MARCUS: An agentic, multimodal vision-language model for cardiac diagnosis and management
Summary
MARCUS (Multimodal Autonomous Reasoning and Chat for Ultrasound and Signals) is an agentic vision-language system designed for comprehensive interpretation of cardiac tests, including electrocardiograms (ECGs), echocardiograms, and cardiac magnetic resonance imaging (CMR). This system processes single-modality inputs and integrates multimodal data, addressing limitations of current AI models. MARCUS utilizes a hierarchical agentic architecture with modality-specific vision-language expert models, each featuring domain-trained visual encoders and multi-stage language model optimization, all coordinated by a multimodal orchestrator. Trained on 13.5 million images and a 1.6 million question expert-curated dataset, MARCUS achieved state-of-the-art performance, surpassing frontier models like GPT-5 Thinking and Gemini 2.5 Pro Deep Think. It demonstrated 87-91% accuracy for ECG, 67-86% for echocardiography, and 85-88% for CMR, outperforming frontier models by 34-45%. For multimodal cases, MARCUS achieved 70% accuracy, nearly tripling frontier models' 22-28%, and showed 1.7-3.0x higher free-text quality scores. The agentic design also provides resistance to "mirage reasoning."
Key takeaway
For AI Scientists developing diagnostic tools in cardiology, MARCUS demonstrates that an agentic, multimodal approach significantly improves accuracy and reasoning quality over current frontier models. You should consider adopting hierarchical agentic architectures with domain-specific visual encoders to enhance the reliability and performance of your medical AI systems, especially when integrating diverse data types. This approach can lead to more robust and clinically useful diagnostic support.
Key insights
MARCUS is an agentic, multimodal vision-language model excelling in cardiac diagnosis by integrating diverse imaging data.
Principles
- Agentic architecture enhances multimodal interpretation.

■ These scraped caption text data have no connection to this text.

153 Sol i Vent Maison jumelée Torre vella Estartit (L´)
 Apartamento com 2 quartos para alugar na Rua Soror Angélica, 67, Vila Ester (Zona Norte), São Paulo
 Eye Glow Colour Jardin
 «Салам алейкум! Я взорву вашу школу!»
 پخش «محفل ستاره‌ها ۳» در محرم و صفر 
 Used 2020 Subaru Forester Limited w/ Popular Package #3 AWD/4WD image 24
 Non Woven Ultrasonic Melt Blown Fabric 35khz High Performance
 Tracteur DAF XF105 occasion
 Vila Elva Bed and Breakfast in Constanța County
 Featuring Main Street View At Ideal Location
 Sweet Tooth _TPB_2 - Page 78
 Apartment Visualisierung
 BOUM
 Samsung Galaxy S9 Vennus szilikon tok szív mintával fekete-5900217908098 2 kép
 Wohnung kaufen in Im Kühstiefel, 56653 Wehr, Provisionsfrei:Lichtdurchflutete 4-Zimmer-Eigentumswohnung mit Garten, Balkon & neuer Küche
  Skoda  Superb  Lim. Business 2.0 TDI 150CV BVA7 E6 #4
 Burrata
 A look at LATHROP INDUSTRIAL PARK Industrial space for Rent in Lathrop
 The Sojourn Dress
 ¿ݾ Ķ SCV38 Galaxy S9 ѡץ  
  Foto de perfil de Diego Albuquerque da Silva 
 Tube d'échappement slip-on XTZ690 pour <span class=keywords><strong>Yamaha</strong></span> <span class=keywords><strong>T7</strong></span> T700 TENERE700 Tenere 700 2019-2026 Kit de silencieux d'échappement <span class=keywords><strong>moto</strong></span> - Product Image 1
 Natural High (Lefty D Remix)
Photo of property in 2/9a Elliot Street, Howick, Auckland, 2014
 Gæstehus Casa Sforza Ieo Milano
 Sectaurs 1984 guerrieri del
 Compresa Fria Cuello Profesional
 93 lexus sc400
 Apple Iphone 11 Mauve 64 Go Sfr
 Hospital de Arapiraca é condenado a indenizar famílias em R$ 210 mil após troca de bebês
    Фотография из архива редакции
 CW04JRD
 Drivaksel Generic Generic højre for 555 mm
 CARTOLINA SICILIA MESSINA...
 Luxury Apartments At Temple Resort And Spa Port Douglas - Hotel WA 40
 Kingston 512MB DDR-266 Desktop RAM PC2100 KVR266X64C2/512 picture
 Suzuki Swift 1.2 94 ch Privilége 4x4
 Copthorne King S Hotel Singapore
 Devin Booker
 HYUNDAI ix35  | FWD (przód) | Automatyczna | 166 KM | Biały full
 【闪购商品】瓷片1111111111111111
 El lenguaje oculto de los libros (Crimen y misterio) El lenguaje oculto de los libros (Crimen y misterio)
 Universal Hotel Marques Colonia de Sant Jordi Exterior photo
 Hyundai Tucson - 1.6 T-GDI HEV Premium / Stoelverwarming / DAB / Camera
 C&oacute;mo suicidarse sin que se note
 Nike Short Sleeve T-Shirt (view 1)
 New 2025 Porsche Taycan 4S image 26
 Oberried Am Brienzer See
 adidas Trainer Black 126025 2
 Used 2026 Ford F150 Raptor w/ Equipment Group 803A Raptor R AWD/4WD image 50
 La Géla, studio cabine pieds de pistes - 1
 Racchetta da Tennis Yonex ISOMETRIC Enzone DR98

- Domain-specific encoders improve diagnostic accuracy.
- Multimodal integration outperforms single-modality analysis.
Method
MARCUS employs a hierarchical agentic architecture with modality-specific vision-language expert models, integrating domain-trained visual encoders and multi-stage language model optimization, coordinated by a multimodal orchestrator.
In practice
- Interpret ECGs, echocardiograms, and CMR images.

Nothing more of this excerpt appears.